Sure you can, I've been hearing, watching, and reading about you "figuring it out for yourselves" for about 15 years now. Watched you go from outright PFT to training contracts, listening to your giddiness in numerous crew lounges of becoming Teamsters, seen the fleet grow, read the glowing articles, but one thing has remained constant through time and changes; you keep agreeing to go to work for the lowest wages in business aviation. THen the whining begins, followed quickly by a persecution complex.
One day you're proclaiming you're "labor" and bang your anti-management drums, not afraid to pi$$ off who's in back due to beefs with your own real employer. On these days you're direct-revenue flying. The next day however, you morph and claim some kind of psuedo-corporate pilot status (declaring that you fly people "who can afford to pay more and doing the same job") because it suits your needs when demanding higher salaries, since you suddenly discover what NBAA salaries are. Conveniently, you forget those NBAA salaries have been gained through years of bargaining and holding out for more $$ on a strictly non-unionized basis by many individuals over a long period of time. Did you think they just magically got that way?
Now here on this thread and apparently in court, you're gunning for people who actually made a better deal, who got MORE from management like you wish you could, and whole point of contention is that they didn't do it your unionized way and therefore, somehow, "did something to you" in the process. I guess inventing a bad guy pilot group keeps the rah rah emotions running high in the union hall and those like Griz happy, but you're simply lashing out at those who obtained their deal the same way those NBAA salaries....the same ones you want.... were obtained. The way you didn't have the 'nads to do.
The biggest joke of revisionist history on this thread is the nonsense that EJI was formed as a "Lever" to be used against EJA's unionized pilot workforce. That whole "lever" scenario only works if a company brings in non-unionized workers to work for LESS pay than the unionized force, not more as was the case.

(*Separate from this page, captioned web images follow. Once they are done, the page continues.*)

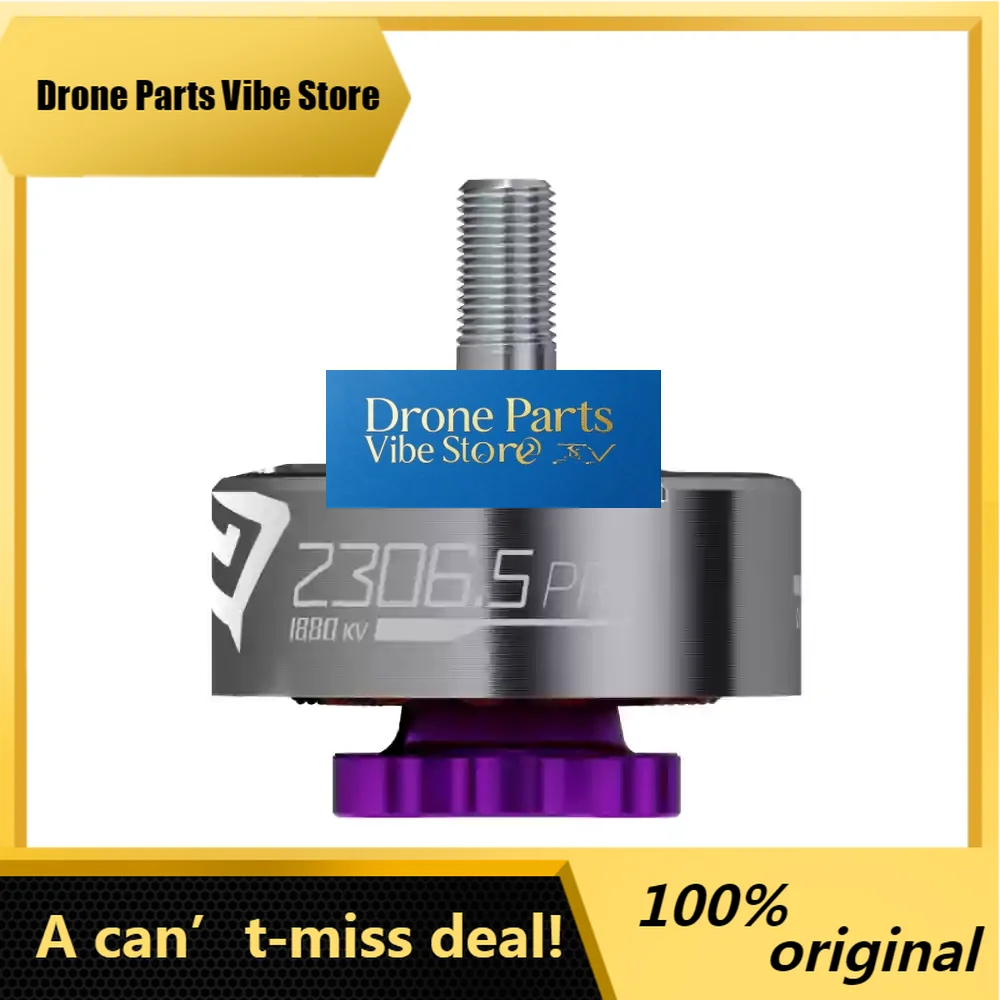 

Drone Parts4PCS SpeedyBee BeeStorm 2306.5 PRO 1880KV Motor Mario5 5 Inch FPV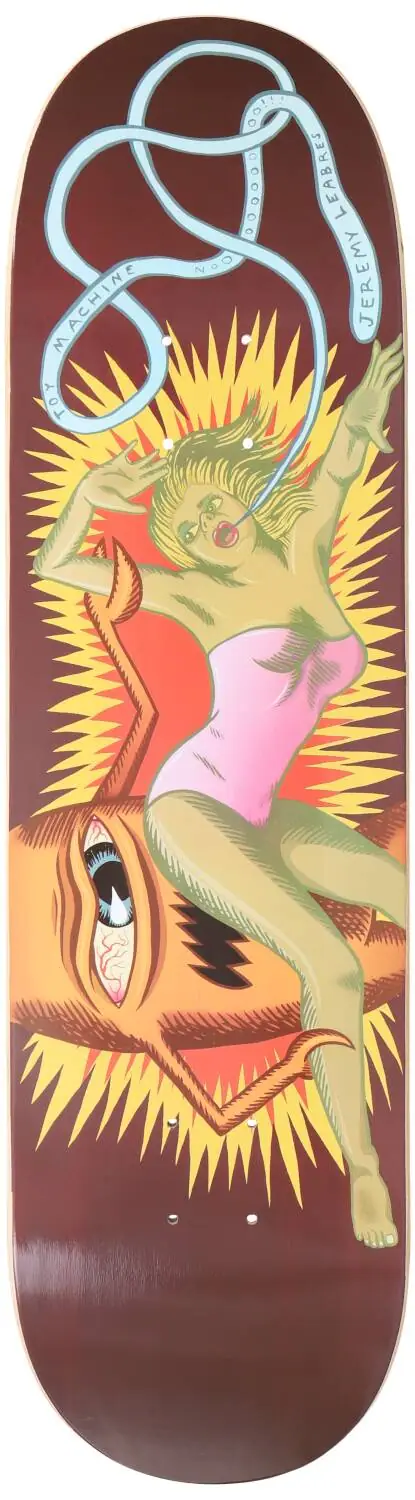 Toy Machine Jeremy Leabres Pro Skateboard Deck | SkatePro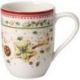 VILLEROY ET BOCH Wint.Bak.Del. Mug 0,34l,etoile fi 14-8612-9652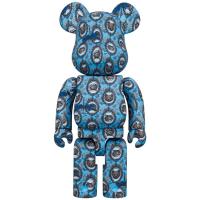 Gallery Image of Be@rbrick Robe Japonica Mirror 100% and 400% Set Bearbrick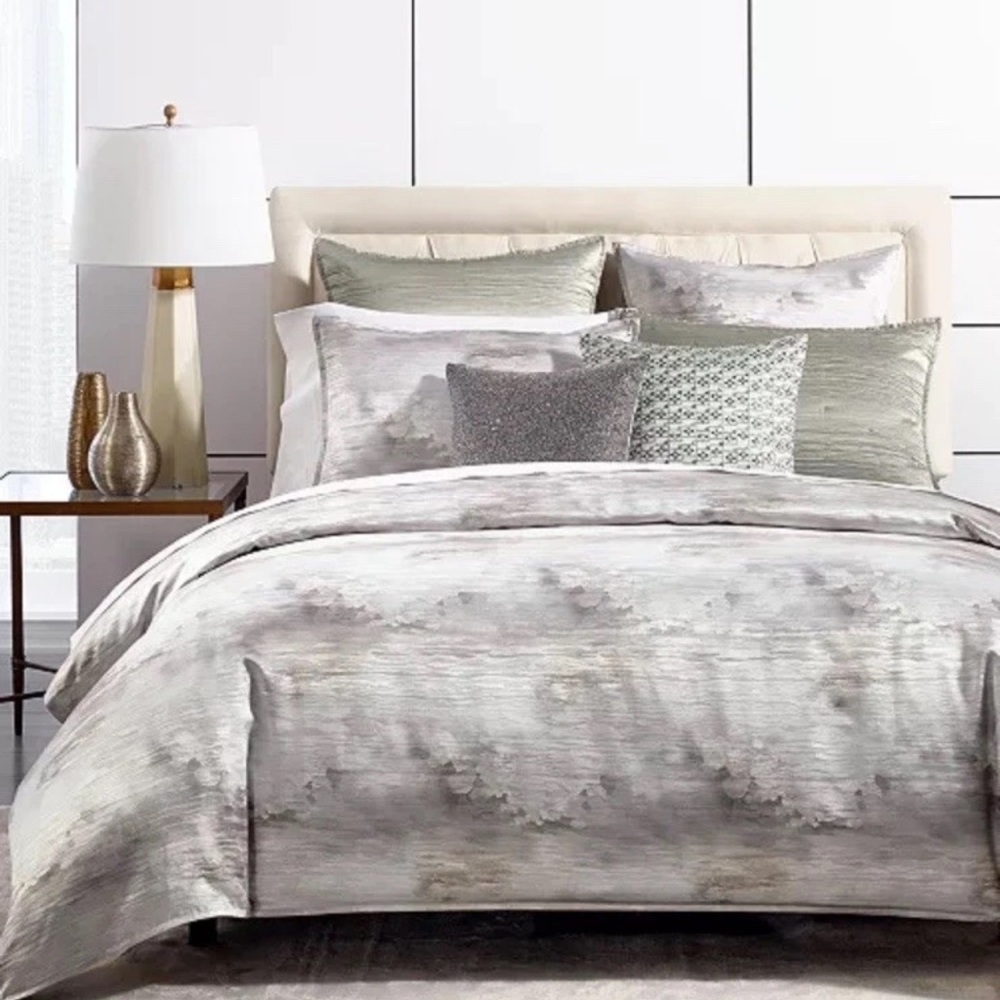 Hotel Collection Iridescence KING Duvet Cover *Rare*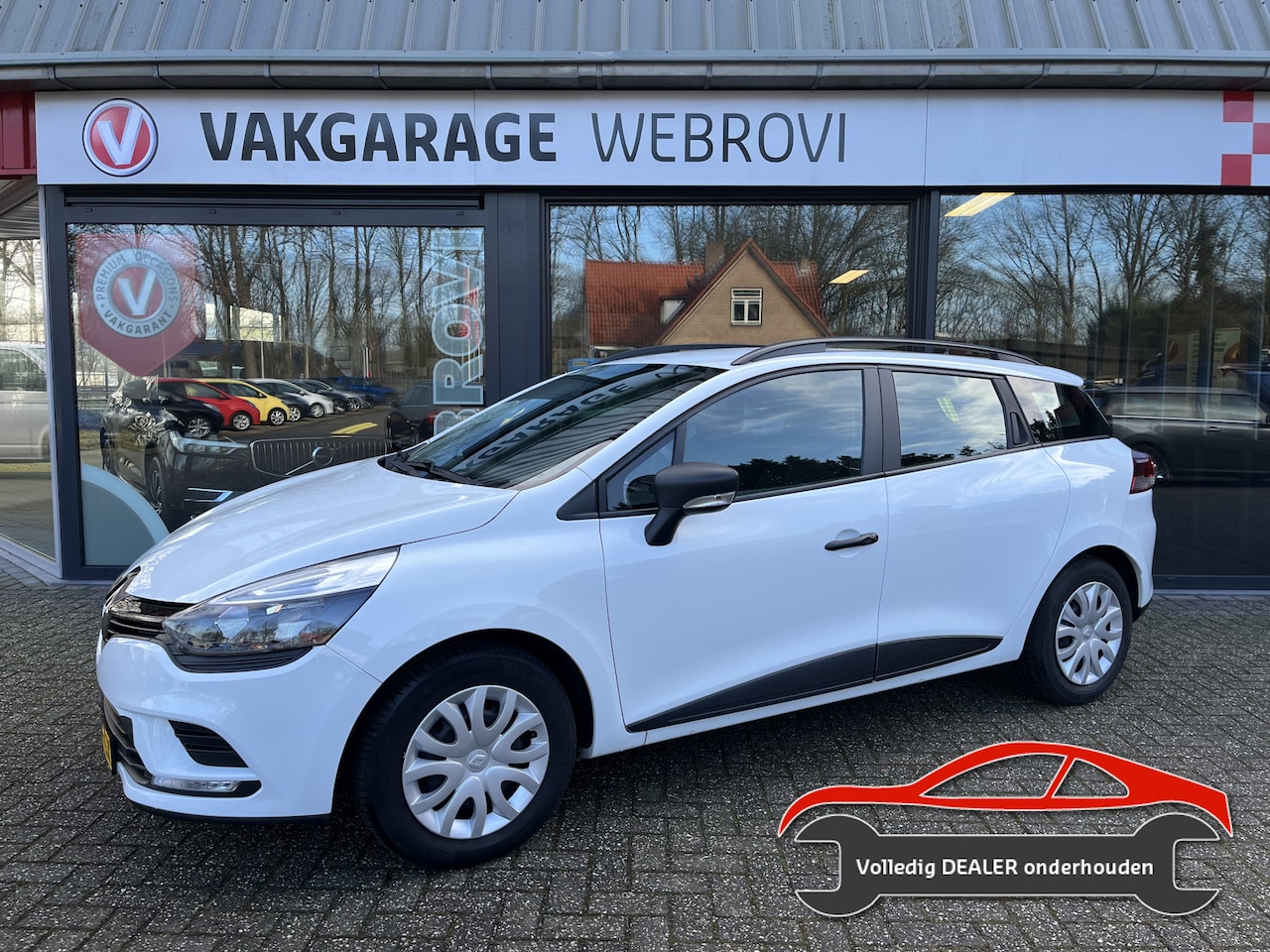 Renault Clio Estate - 0.9 TCe Life 1e Eign. Dealer Onderhouden - AutoWereld.nl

They raised the wage bar for at least part of your outfit despite your unionized side's never-ending supply of people willing to work for next to nothing, who then later pretend they're gonna do something about it. Why would EJA/NJA management want to get rid of your union anyway?......you're the cheapest labor on the market and have been for over a decade.
The reason they got more $$$ was because EJI's requirements were Gulfstream experience (meaning PIC) demanded by Gulfstream, preferably with int'l ops. EJA couldn't supply those specific requirements from their own ranks, mostly being made up of with ex-Brasilia/Saab-turned-Citation pilots who'd seen plenty of ground between Atlanta and Macon, but that's about it. Besides the few ex-military Gstream pilots around, it remained to poach people with this experience from the ranks of corporate flight depts.
These typically weren't/aren't your gung-ho union types like you find bred in the commuter/regional airline world where most of EJAs pilots came from...they were already making good salaries they negotiated themselves, and most treated pretty well. The desire to have a schedule with hard days off was by far the biggest attraction for most of them if a livable salary was offered. They weren't there to get their first, or build, jet time to brush up their airline applications like most EJA pilots were.
You think I'm a management stooge? Perhaps you should step back and look more clearly at the situation. Which one of us made our respective employers happier in terms of beancounting? Me, who held out for enough $$$ and terms regarding QOL issues, or you, who willingly agreed to go work for substandard union contract wages your management can only smile at. Now which one of us is the stooge, and which one of us is happy?